05 February 2023

Nuitka Release 1.4

This is to inform you about the new stable release of Nuitka. It is the extremely compatible Python compiler, “download now”.

This release contains a large amount of performance work, where specifically Python versions 3.7 or higher see regressions in relative performance to CPython fixed. Many cases of macros turned to functions have been found and resolved. For 3.10 specifically we take advantage of new opportunities for optimization. And generally avoiding DLL calls will benefit execution times on platform where the Python DLL is used, most prominently Windows.

Then this also adds new features, specifically custom reports. Also tools to aid with adding Nuitka Package Configuration input data, to list DLLs and data files.

With multidist we see a brand new ability to combine several programs into one, that will become very useful for packaging multiple binaries without the overhead of multiple distributions.

Bug Fixes

  • Standalone: Added implicit dependencies for dependency_injector package. Fixed in 1.3.1 already.

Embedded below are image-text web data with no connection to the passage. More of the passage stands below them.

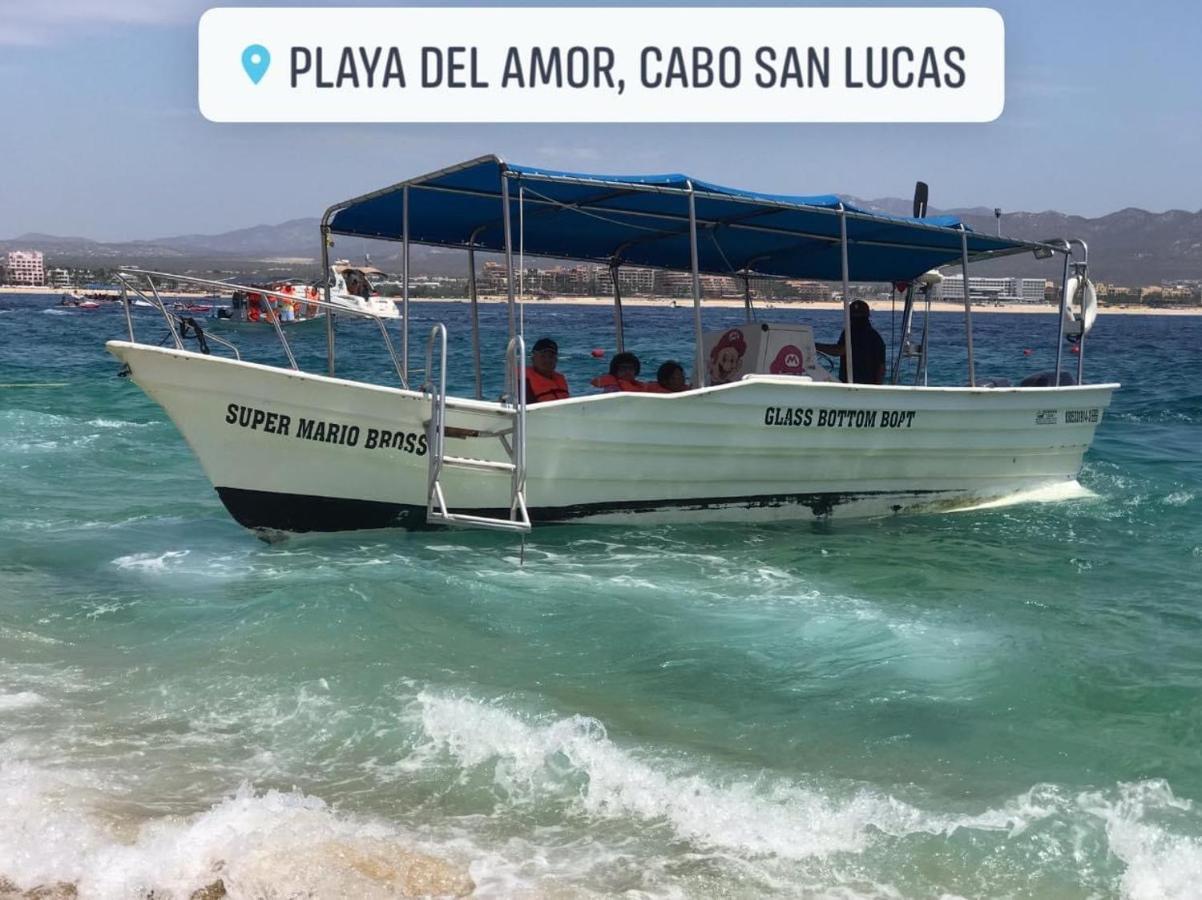 Beatriz Adriana Botel Cabo San Lucas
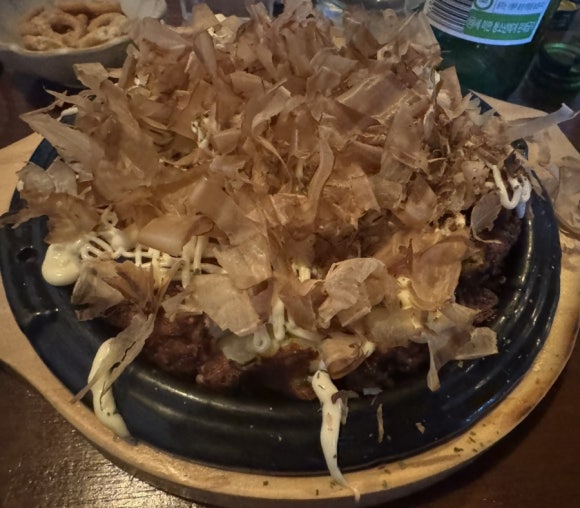심야식당 오키오키 이미지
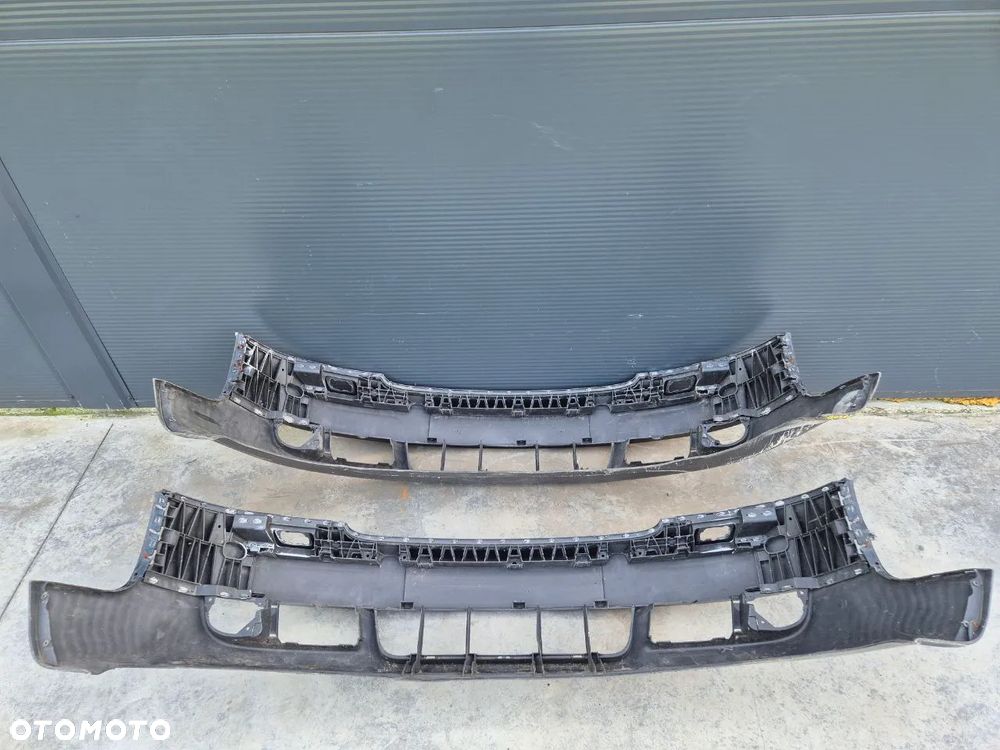 ZDERZAK PRZEDNI TYLNY AUDI A6 C5 LIFT 01-04r - 16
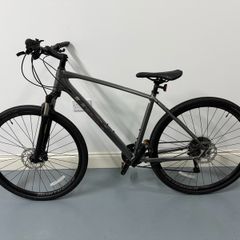 Trek Dual Sport 2 Gen 4 Hybrid Bike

  • Fix, the generated metadata nodes for distribution queries had an error in their generated children handling that could cause crashes at compile time. Fixed in 1.3.2 already.

  • Standalone: Added implicit dependencies for passlib.apache package. Fixed in 1.3.2 already.

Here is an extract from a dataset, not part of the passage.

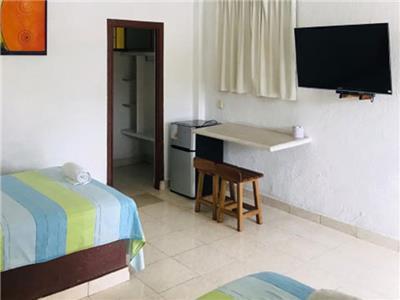 Hotel Club Diamante Акапулко Екстериор снимка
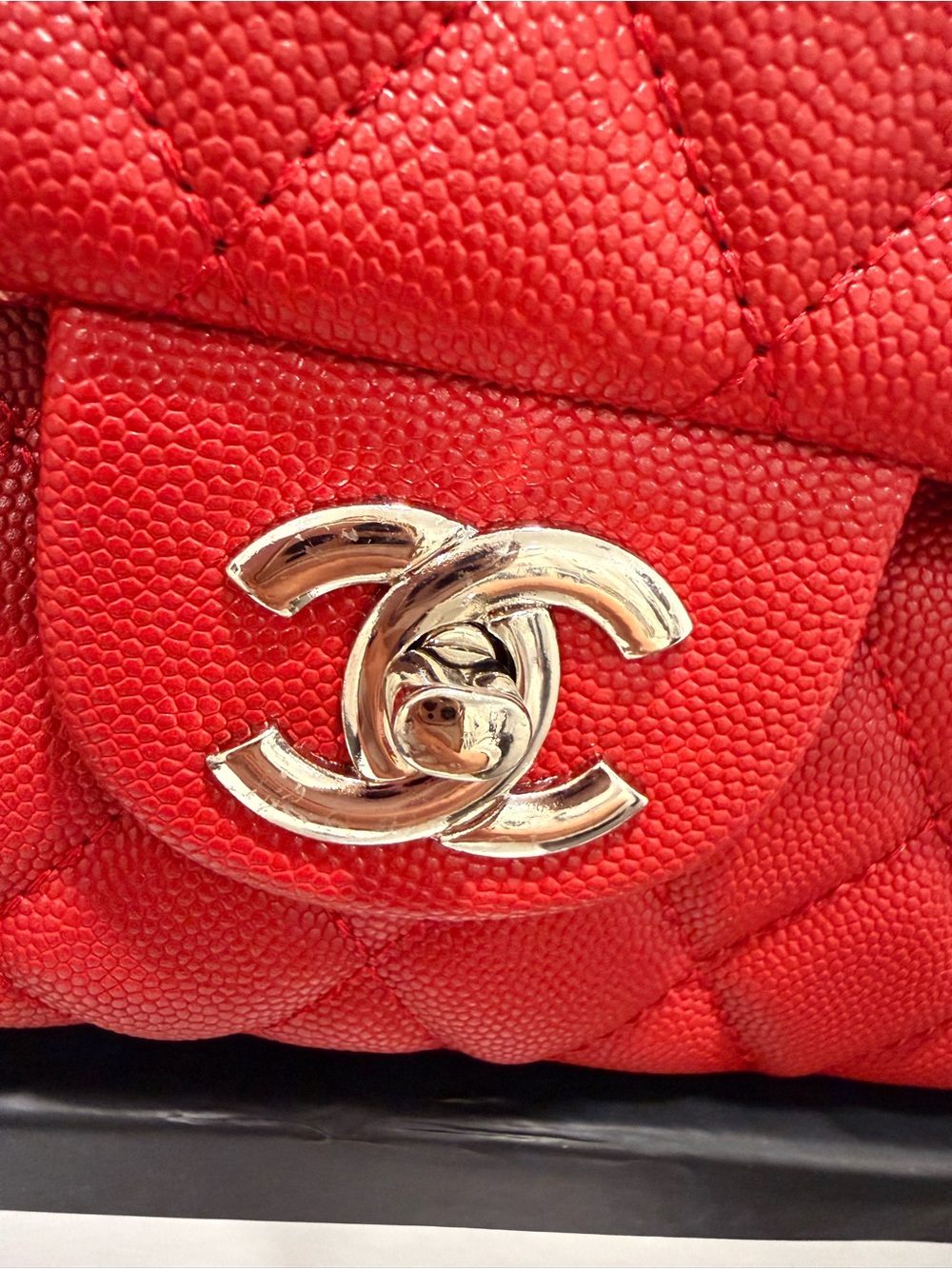 LUXURY BAG - Picture 8 of 13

  • Windows: Fix, our shortcut to find DLLs by analyzing loaded DLLs stumbled in a case of a DLL loaded into the compiling Python that had no filename associated, while strange, we need to handle this as well. Fixed in 1.3.3 already.

  • Standalone: Also need to workaround more decorator tricks for networkx. Fixed in 1.3.3 already.

  • Scons: Fix, was not updating PATH environment variable anymore, which could lead to externally provided compilers and internal winlibs gcc clashing on Windows, but should be a general problem. Fixed in 1.3.4 already.

  • Standalone: Added support for cefpython3 package. Fixed in 1.3.4 already.

  • Standalone: Added support for newer webview package versions. Fixed in 1.3.4 already.

  • Standalone: Fix, some extension modules set their __file__ to None during multi phase imports, which we then didn’t update anymore, however that is necessary. Fixed in 1.3.4 already.

  • Python3.10+: Fix, was not supporting match cases where an alternative had no condition associated. Fixed in 1.3.5 already.

  • Windows: Identify Windows ARM architecture Python properly. We do not yet support it, but we should report it properly and some package configurations are already taking it already into account. Fixed in 1.3.5 already.

  • Fix, the Nuitka meta path based loader, needs to expose a __module__ attribute because there is code out there, that identifies standard loaders through looking at this value, but crashes without it. Fixed in 1.3.5 already.

  • Fix, very old versions of the importlib_metadata backport were using themselves to load their __version__ attribute. Added a workaround for it, since in Nuitka it doesn’t work until after loading the module.

  • Fix, value escapes for attribute and subscript assignments sources were not properly annotated. This could cause incorrect code execution. Fixed in 1.3.6 already.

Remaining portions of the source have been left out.